I wouldn't get her tested for frame because I don't plan on breeding. The biggest thing in looking for in a horse is a decent mind. I don't do much more then trails, so perfect conformation is not necessary. I do want decent conformation that wouldn't make it to where I can't do certain things, but again it's not a huge factor..
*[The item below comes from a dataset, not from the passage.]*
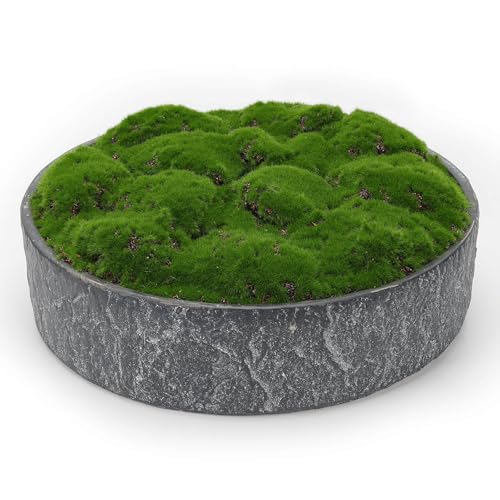 New Moss Bowl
I don't recall it being swollen but she wouldn't stand still for the pictures. This horse hasn't had to do anything for at least the last few months, and the owner didn't know much about her even.. It's a bit sad. And in these pictures, she is standing on a slight hill with very uneven ground
_Posted via Mobile Device_


----------



## SammysMom (Jul 20, 2013)

Ooh, yikes, it looks like she has a _really _bad case of adorable


----------



## GracielaGata (Jan 14, 2012)

Holy cute horse batman!! She has some of the neatest patterning I have ever seen! I know that doesn't help with confo... but hey, if she is 'only a trail horse' and with no plans to breed.. aren't those the most forgiving needs?


----------



## paintedpastures (Jun 21, 2011)

She is definitely Frame overo{OLWS positive} Like her head/neck & ties in nicely. She looks down hill more so in 2nd picture but think it is the ground as she doesn't look as bad in other picture. I also thought her Lt front looked Clubby:-( Also has Longer back & posty legs.Yes she has some faults,but a horse I think still worth considering, pending a PPE.


----------



## TheRoundPen (Mar 15, 2012)

Now I'm curious with a club foot.. and excuse me for not really knowing, but in the 10+ years of having horses I've never had one with a club foot, could it be possible from a horrible farrier job?


----------



## CLaPorte432 (Jan 3, 2012)

TheRoundPen said:


> Now I'm curious with a club foot.. and excuse me for not really knowing, but in the 10+ years of having horses I've never had one with a club foot, could it be possible from a horrible farrier job?


Yes, it absolutely can be.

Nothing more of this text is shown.